Does everyone learn the same gravity in school or is it different everywhere?
So, I learned in physics class at school in the UK that the value of acceleration due to gravity is a constant called g and that it was 9.81m/s^2. I knew that this value is not a true constant as it is affected by terrain and location. However I didn't know that it can be so significantly different as to be 9.776 m/s^2 in Kuala Lumpur for example. I'm wondering if a different value is told to children in school that is locally relevant for them? Or do we all use the value I learned?
Yeah. 9.8 is what I learned. I was generally aware that locality made a difference, but I had no idea that there was that much of a spread. For anything not involving millions of dollars of rocketry and actual satellites a simplified number is likely good enough. Much like Pi, where a couple digits is good enough for most everything and calculating out past 6 digits or so is infinitesimally small.

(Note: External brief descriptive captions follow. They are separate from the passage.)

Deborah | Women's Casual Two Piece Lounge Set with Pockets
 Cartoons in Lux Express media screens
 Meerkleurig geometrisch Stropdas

Standard gravity is 9.80665 m/s2. That the number defined by the metric people who set all the world's units. In schools in the united states of america, we used 9.8. I don't recal using any more precision than that. Gravity at the surface does vary, but you don't need more presision than that for most academic purposes.
Is that so? I wonder what the story behind that is. Maybe it's a surface average?
Most people would probably guess this, but meters and seconds are defined independently of Earth's gravity, so it doesn't have a true value, just apparently a standard nominal one.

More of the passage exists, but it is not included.